There is a lot of talk about “minhagei Yerushalayim,” special burial customs that are followed in Jerusalem and that are sourced in Kabbalah. And while they are fulfilled mainly by Jerusalem’s frum communities, the fact is that many who are not openly religious also opt for these rites, in acknowledgement of the enormous benefit they bring to the niftar. A case in point is former Israeli Prime Minister Menachem Begin, who, famously, was given a traditional Yerushalmi burial, including a matzeivah completely free of epitaphs, with only his name and dates of birth and death listed.

Jerusalem Burial Society CEO Rabbi Moshe Shimon explains that these customs are elucidated in the sefer Ma’avar Yabok, which he calls, “the ultimate burial guidebook.”


One of the most widely known, and practiced, customs is that of burying the niftar the same day (other than Shabbos or Yom Tov). “Obviously, if there are extenuating circumstances, they are taken into account,” Rabbi Shimon says, “but by and large, we know that burying as soon as possible greatly reduces suffering to the niftar.”

Other kabbalistic burial customs performed in Jerusalem relate to the taharah. For example, whereas it is sufficient to pour nine kavin of water over the niftar, minhag Yerushalayim mandates that the niftar is be immersed in a mikveh — and indeed, the Jerusalem Burial Society has a special designated mikveh for this purpose.

Jerusalem custom also precludes the use of a casket; the niftar is buried in shrouds directly in the earth, in fulfillment of the verse, “v’chiper admaso imo,” implying that the very soil (of Eretz Yisroel) serves as an atonement for the niftar. And while there may be divergence with regard to certain practices, Rabbi Shimon notes that in this respect there is no room for flexibility. “Burial in a coffin is categorically not allowed on Har Hamenuchot due to the prohibition of ‘differentiating between one niftar and another.’”

When transporting the niftar, minhag Yerushalayim calls for a stretcher constructed out of metal poles, as a kapparah for the niftar. The source of the minhag goes back to King Chezkiyahu, who transported his father, the wicked King Achaz, on a bier made of ropes. He did so to enable his father to merit atonement, and our Sages commended him for this.

It is a widespread custom among Yerushalmi Jews that no children accompany the niftar to the cemetery.

At the graveside, members of the Chevra Kadisha hold hands and encircle the niftar seven times while reciting special pesukim. At the end of each round, they toss a coin in a different direction.

After the levayah, participants stand in 2 rows, and the mourners pass in between them, receiving consolations.

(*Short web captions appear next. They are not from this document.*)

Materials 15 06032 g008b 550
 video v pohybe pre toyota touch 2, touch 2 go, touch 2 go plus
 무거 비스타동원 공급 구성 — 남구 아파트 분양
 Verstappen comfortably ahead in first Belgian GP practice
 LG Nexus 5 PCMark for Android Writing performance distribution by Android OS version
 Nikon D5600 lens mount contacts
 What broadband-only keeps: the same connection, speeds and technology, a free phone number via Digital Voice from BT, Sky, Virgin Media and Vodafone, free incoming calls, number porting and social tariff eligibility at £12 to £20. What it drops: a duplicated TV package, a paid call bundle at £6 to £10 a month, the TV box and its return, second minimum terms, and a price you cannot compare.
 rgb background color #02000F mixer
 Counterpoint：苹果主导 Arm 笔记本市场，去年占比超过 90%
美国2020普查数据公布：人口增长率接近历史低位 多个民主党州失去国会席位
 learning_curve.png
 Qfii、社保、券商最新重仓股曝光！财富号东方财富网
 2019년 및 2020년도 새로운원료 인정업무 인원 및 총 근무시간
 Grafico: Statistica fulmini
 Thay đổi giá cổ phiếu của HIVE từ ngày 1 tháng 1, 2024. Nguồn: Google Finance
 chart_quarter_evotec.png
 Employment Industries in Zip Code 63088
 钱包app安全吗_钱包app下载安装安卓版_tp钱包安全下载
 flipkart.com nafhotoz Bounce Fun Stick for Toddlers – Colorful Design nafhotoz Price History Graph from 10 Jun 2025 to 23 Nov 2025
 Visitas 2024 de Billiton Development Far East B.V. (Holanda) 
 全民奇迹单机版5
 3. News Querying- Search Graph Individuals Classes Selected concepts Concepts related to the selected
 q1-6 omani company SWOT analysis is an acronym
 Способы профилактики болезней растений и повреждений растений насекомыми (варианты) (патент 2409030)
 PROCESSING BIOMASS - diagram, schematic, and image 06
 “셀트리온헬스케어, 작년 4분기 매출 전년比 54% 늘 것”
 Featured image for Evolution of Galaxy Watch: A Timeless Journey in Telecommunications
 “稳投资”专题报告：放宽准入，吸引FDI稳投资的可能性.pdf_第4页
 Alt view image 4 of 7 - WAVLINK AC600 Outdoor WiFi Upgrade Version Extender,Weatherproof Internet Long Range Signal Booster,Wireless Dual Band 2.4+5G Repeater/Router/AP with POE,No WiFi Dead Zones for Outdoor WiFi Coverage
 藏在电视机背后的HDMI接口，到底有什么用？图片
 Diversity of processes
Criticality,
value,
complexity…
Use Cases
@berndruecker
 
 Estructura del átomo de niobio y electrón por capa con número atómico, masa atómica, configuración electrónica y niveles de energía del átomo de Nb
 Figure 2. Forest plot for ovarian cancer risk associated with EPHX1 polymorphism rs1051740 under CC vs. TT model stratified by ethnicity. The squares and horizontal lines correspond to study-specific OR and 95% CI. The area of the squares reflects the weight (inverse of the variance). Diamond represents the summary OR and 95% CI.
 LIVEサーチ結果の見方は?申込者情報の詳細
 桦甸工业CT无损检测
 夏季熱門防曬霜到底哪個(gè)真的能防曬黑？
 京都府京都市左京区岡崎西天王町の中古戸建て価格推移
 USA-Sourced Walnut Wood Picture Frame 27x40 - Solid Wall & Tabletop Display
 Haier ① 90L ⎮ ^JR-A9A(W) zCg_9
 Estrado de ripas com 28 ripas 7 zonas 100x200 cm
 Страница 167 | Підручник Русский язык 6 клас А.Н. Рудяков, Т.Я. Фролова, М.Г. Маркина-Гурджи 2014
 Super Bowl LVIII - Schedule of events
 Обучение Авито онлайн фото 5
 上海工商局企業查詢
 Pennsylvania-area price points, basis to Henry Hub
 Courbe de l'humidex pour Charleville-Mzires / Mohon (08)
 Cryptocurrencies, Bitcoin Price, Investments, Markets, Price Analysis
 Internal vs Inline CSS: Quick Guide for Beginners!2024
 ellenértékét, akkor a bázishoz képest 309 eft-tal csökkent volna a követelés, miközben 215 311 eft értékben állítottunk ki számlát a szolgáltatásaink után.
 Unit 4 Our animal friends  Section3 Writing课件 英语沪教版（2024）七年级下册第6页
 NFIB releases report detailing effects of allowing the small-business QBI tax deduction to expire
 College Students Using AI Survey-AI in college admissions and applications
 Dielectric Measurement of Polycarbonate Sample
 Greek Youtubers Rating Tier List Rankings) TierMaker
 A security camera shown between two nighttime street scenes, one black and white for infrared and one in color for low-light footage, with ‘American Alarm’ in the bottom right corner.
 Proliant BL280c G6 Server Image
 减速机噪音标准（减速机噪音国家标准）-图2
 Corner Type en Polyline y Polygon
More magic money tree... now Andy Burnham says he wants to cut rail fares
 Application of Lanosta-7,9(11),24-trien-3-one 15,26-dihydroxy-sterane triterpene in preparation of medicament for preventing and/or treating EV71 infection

Needless to say, the Jerusalem Burial Society doesn’t compel anyone to adhere to these special customs. “We endeavor to accommodate families from diverse backgrounds, taking individual desires and needs into consideration while remaining firmly within the parameters of halachah,” notes Rabbi Shimon.

In fact, as the largest burial society in Jerusalem and the second-largest in all of Israel, the Jerusalem Burial Society deals with the majority of burials in the Holy City. “Our wide range of options and our vast experience enables us to offer services to mourners during their most difficult time. Most importantly, we are there for them, with sensitivity, caring and understanding,” he said.